Марио заверил администратора в том, что никоим образом не намеревался ограничивать его полномочия: «Нет, господин Тауссиг, здесь распоряжаетесь вы. Я говорю от имени владельца контрольного пакета акций. Вы руководите управлением – повседневными функциями, трудоустройством нового персонала – как обычно. Вы – главный администратор. Я намерен заниматься исключительно Эмпирейской Башней – без какого-либо вмешательства. Я не буду вам мешать, а вы не будете мешать мне. Договорились? Когда я закончу рассмотрение проекта Эмпирейской Башни, я покину управление и оставлю его под вашу ответственность».
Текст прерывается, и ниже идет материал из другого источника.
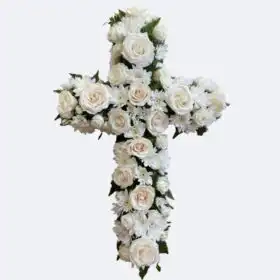 A handcrafted funeral cross flowers arrangement featuring fresh white roses and chrysanthemums on a woven background.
Омраченное подозрениями лицо Тауссига заметно прояснилось: «Здесь практически больше ничем не занимаются, кроме Эмпирейской Башни. Само собой, это гигантский проект. Никому не под силу справиться с ним в одиночку».
Марио заметил, что и не собирался взвалить на себя детальное проектирование всей башни; лицо Тауссига снова нахмурилось – сарказм такого рода представлялся администратору легкомысленным. Марио успокоил его, говоря, что намерен всего лишь выполнять функции координатора проекта – с учетом рекомендаций головного строительного подрядчика, разумеется.
«Хотел бы напомнить о еще одном обстоятельстве, – прибавил Марио, заговорщически подмигнув Тауссигу. – Сами понимаете, наш разговор должен оставаться в тайне. Представьте меня другим, как нового служащего, и больше ничего не объясняйте. Не говорите ни слова о новом владельце контрольного пакета акций. Не говорите ни слова о том, что этот владелец – мой друг. Забудьте об этом. Вы меня понимаете?»
Тауссиг с достоинством кивнул, хотя все это ему явно не нравилось.
«Я хочу, чтобы здесь было тихо, – задумчиво продолжал Марио. – Чтобы никто не связывался с кем-либо из спонсоров строительства. Если репортеры будут задавать вопросы – занимайтесь ими сами. Участвуйте в совещаниях с подрядчиками, обсуждайте с ними изменения, поправки. Я предпочитаю оставаться на заднем плане».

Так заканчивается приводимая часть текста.